In the early stage of Unit 2, I began with ASCII art to explore how digital symbols reconstruct the form and meaning of images. In p5.js, I converted an image of a chair into characters. During this process, I began to realize that an image is not a continuous whole, but a composition of structures serving different functions. Once an image is broken into parts, its integrity becomes open. This recognition led me to a logic of deconstruction: if an image can be divided into measurable units, it can be dismantled, analyzed, and reassembled. From there, reconstruction became the next step. I used ASCII symbols to reconstruct illustrations of scientific instruments and then transformed these fully symbolized instrument models into 3D moving images. After the visual system is dismantled, rebuilding it under different logics can generate new meanings. My experiment observes, through this process of “dismantling—translation—reassembly,” how each conversion alters what is visible and how it can be understood.
Replacement is the formal method I use for reconstruction, and it also redefines the work’s media framework. This process goes beyond surface-level visual change; it inherently involves acts of selection and omission. It reveals how form can be deconstructed and reorganized into new systems of meaning, becoming a way to re-understand form, structural logic, and the medium itself, and in doing so, it examines the relationships among image, medium, and knowledge.
So my research focuses on approaching tools as systems of seeing. Through three experiments, I explore how meaning is continuously reshaped across media, cognition, and perception.
Building on this exploration of the tool as a system of seeing, my current Unit 2 project extends this idea from the visual level to the cognitive level. Inspired by the idea of“Upward, not Northward” from Flatland, I explore a way of thinking that goes beyond directionality — no longer understanding the world through fixed coordinates. Using the Fuller projection, a deorientational map form, I examine how, when “up” and “down” are no longer predetermined, every point can become a starting point of observation, and whether an information system can also be reorganized in this way. This decentralized structure continues my interest in perspective, breaking the power relations hidden in traditional maps and allowing every viewpoint to be treated equally.
At the same time, I learned about the Gestalt principle — how the human mind tends to reconstruct broken or unfolded images into coherent wholes. When a 3D object is unfolded into a flat surface, the viewer’s perception automatically reorganizes the fragments into a meaningful image. This process of visual completion also implies a cognitive reconstruction: meaning is not only altered by tools, but also by the way the viewer’s perception reorganizes information.
These two projects form a conceptual progression across three levels of reconstruction. The first project focuses on the reconstruction of media, revealing how digital tools restructure images into symbolic systems and reshape the logic of observation. The second shifts toward the reconstruction of cognitive frameworks, using deoriented mapping to rethink spatial logic and the position of the observer. Finally, the work begins to explore the reconstruction of perception, examining how viewers mentally reassemble fragmented visual information into coherent wholes.I gradually realized that my practice is a study of how systems continually deconstruct and reconstruct meaning.

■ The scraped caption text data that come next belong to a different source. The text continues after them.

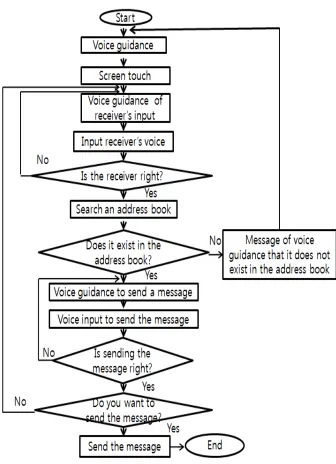 Fig. 10. Flowchart of sending a text message.
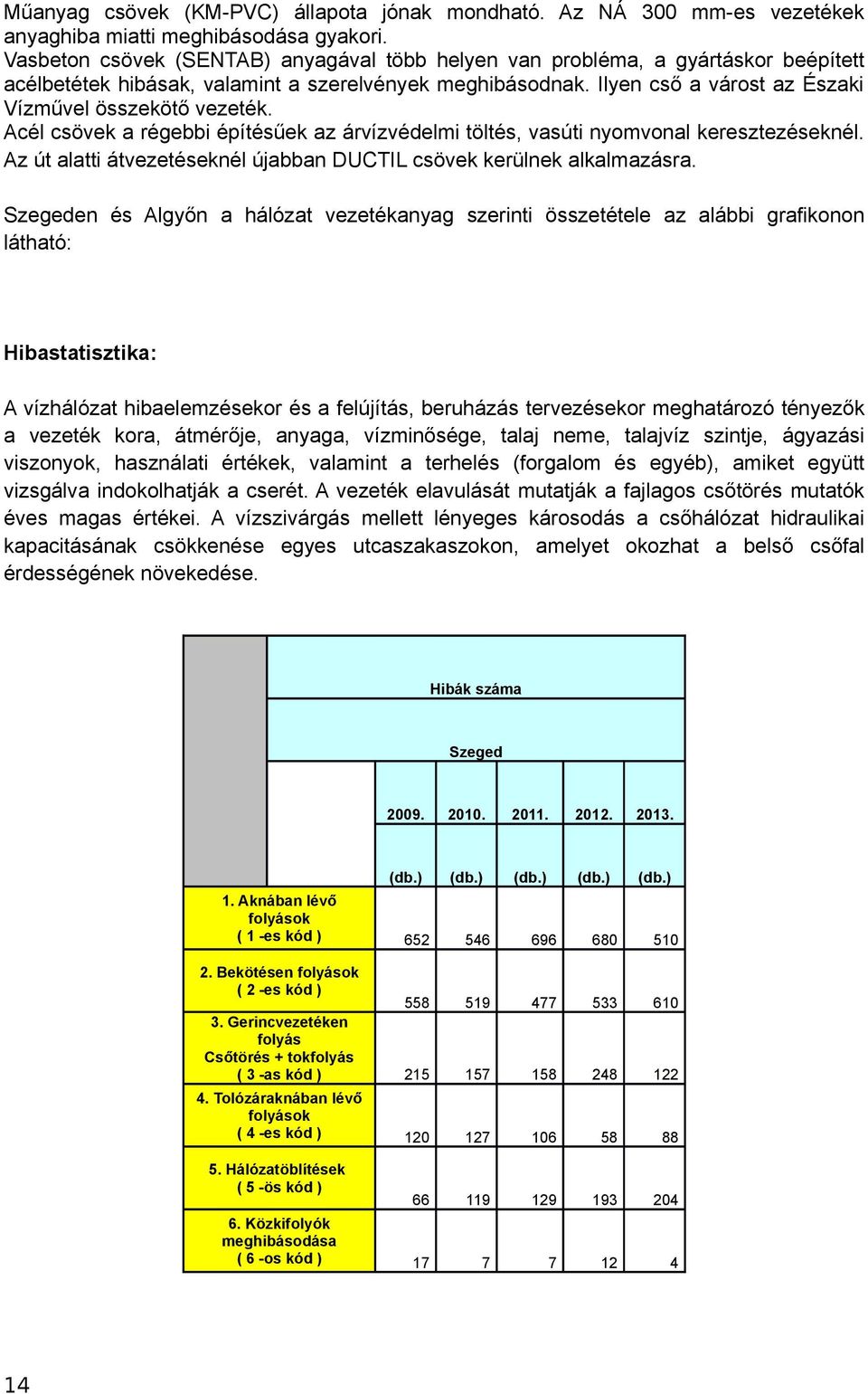 Acél csövek a régebbi építésűek az árvízvédelmi töltés, vasúti nyomvonal keresztezéseknél. Az út alatti átvezetéseknél újabban DUCTIL csövek kerülnek alkalmazásra.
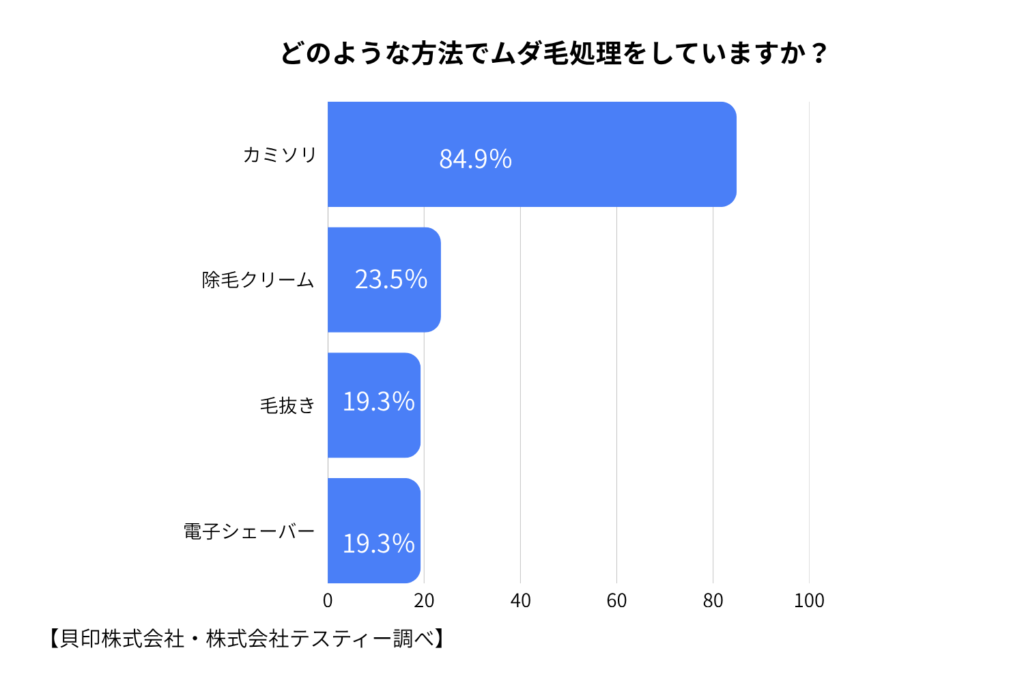 カミソリは手軽だが肌荒れリスクがある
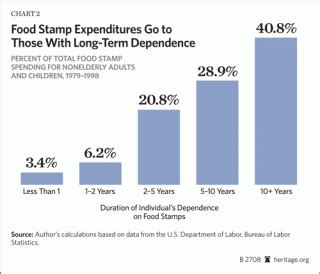 Strategies for Discontinuing Food Stamps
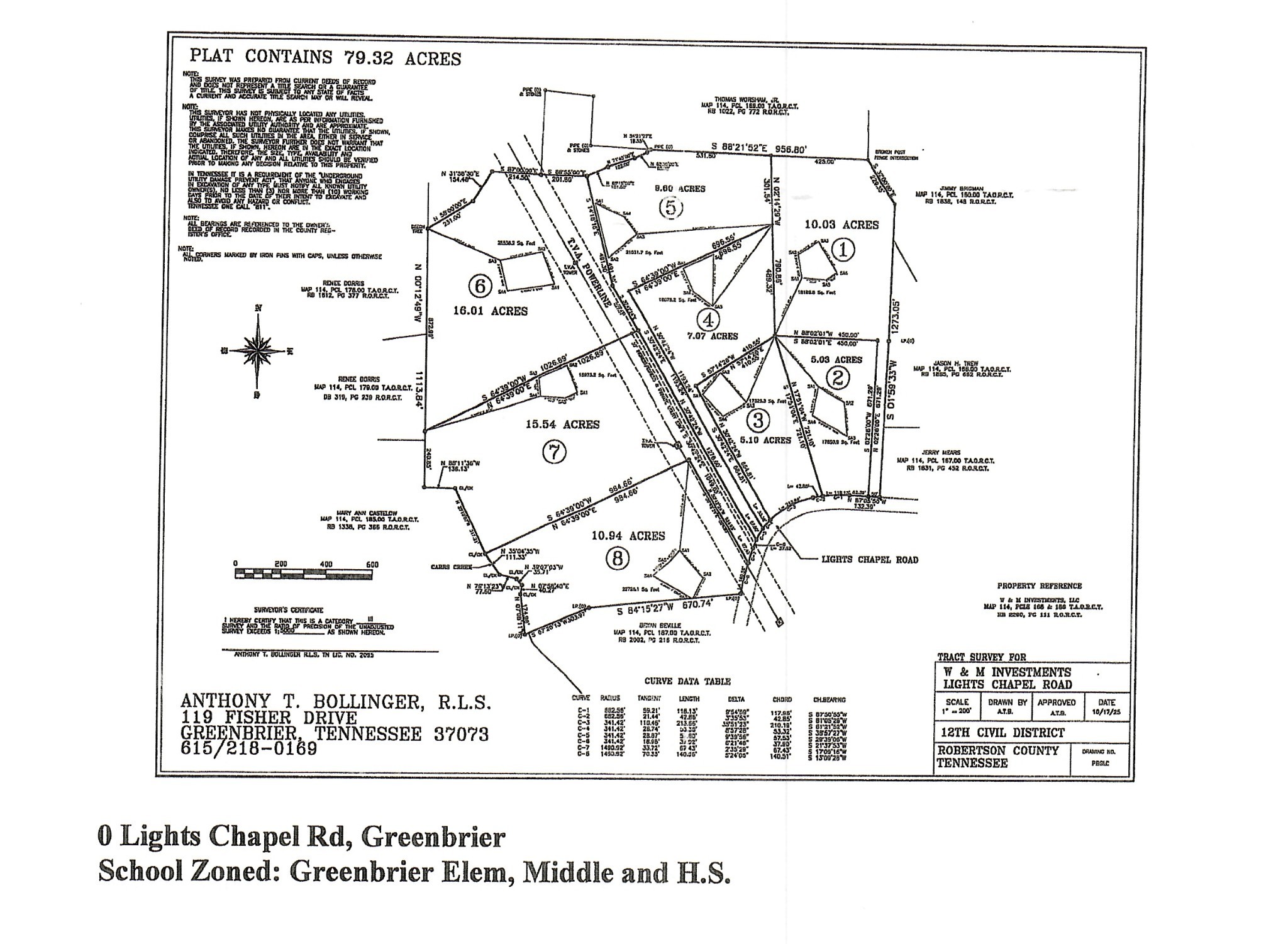 0 Lights Chapel Road Greenbrier TN 37073
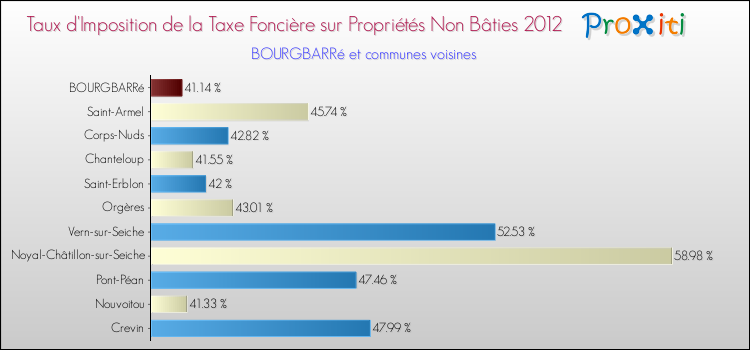 Taux d'imposition de la taxe foncière sur les immeubles et terrains non batis 2012 pour BOURGBARRé et les communes proches Comparaison des taux d'imposition de la taxe foncière sur les immeubles et terrains non batis 2012 pour BOURGBARRé et les communes voisines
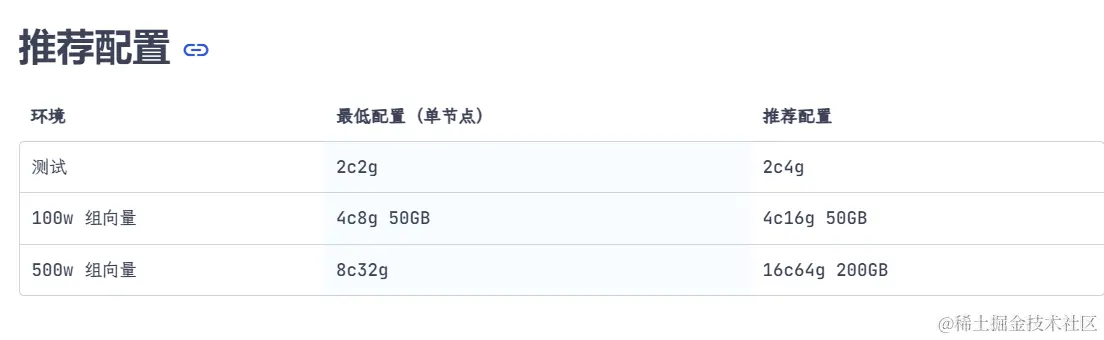 www.zeeklog.com - AI问答知识库本地化部署全攻略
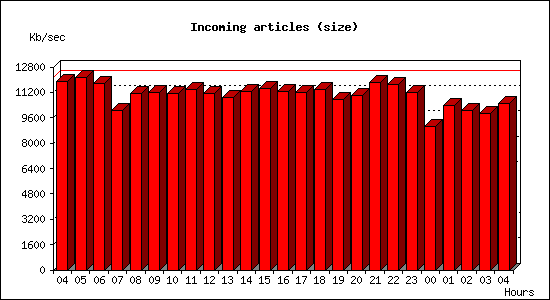 Incoming articles (size)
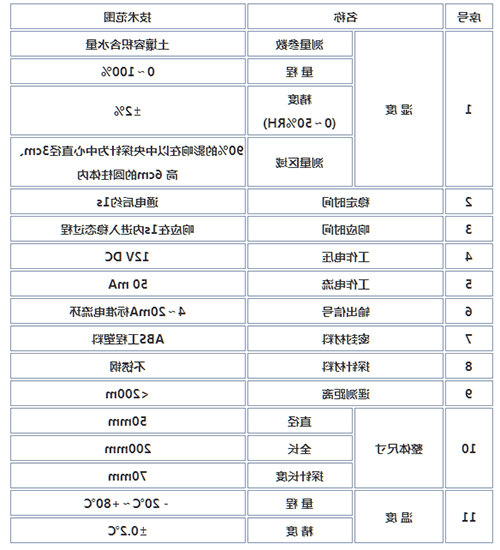 土壤温湿度传感器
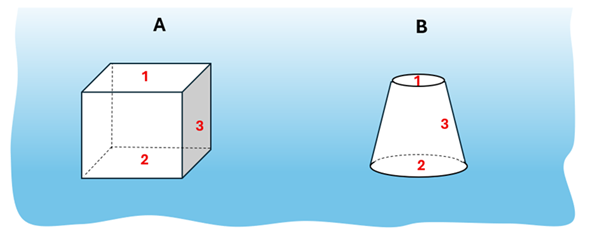Two shapes (a cube labeled A and an upside down cup shape labeled B) are shown with numbered sides.  The cube has a 1 on the top, 2 on the bottom, and 3 on one of the sides.  The upside down cup has a 1 on the top, 2 on the bottom, and 3 on the side.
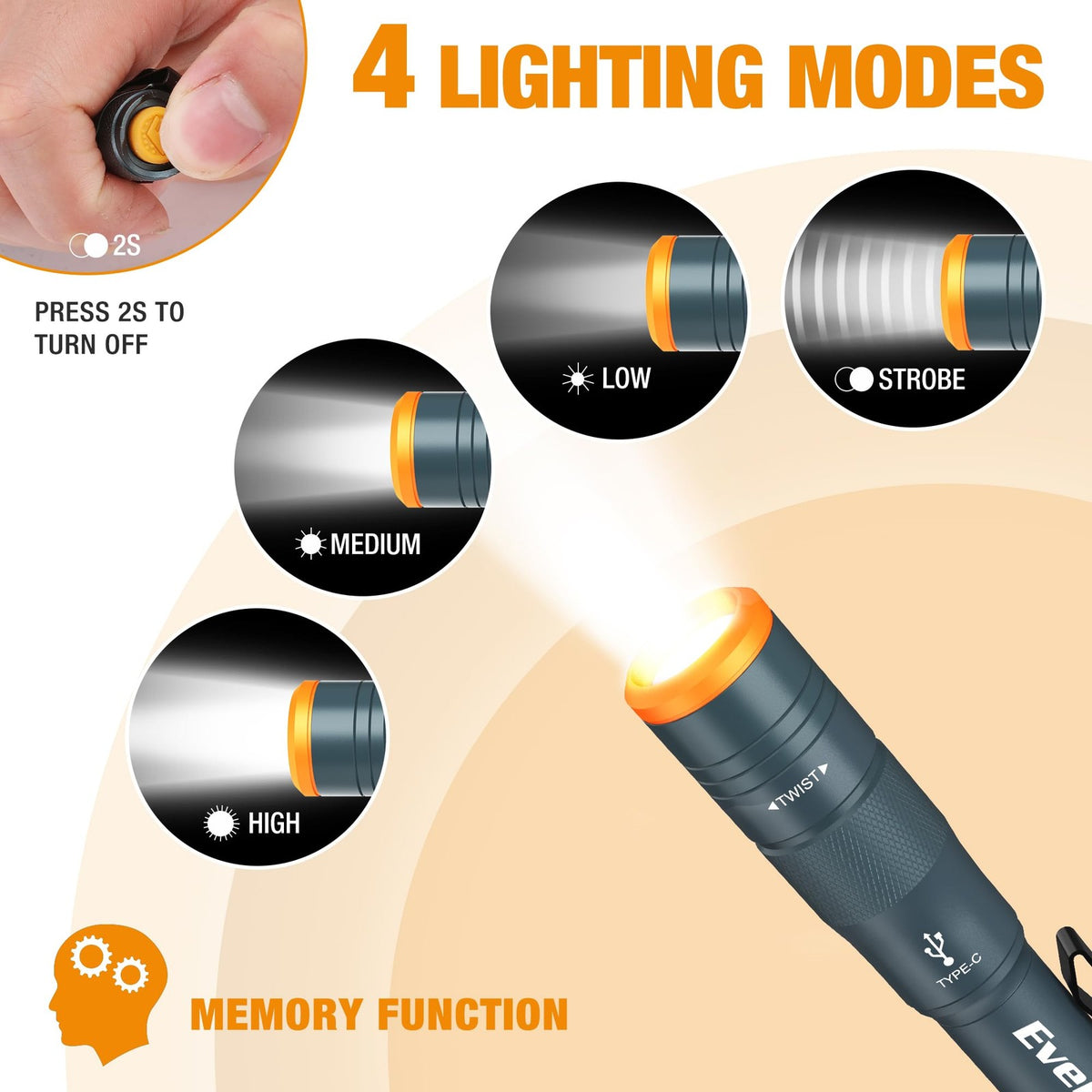 Rechargeable Mini Pen Light Flashlight with 4 Modes, Compact Portable LED Torch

Moving forward, I want to continue working with reconstruction as both a method and a question.I’m particularly interested in how systems—whether built through code, maps, or perception—shape the way information is arranged and meaning is formed.Rather than deliver fixed meanings, I want to use it to make systems visible: to show how form, order, and logic are constructed.
Abbott, E.A. (1884). Flatland: A Romance of Many Dimensions. London: Seeley & Co.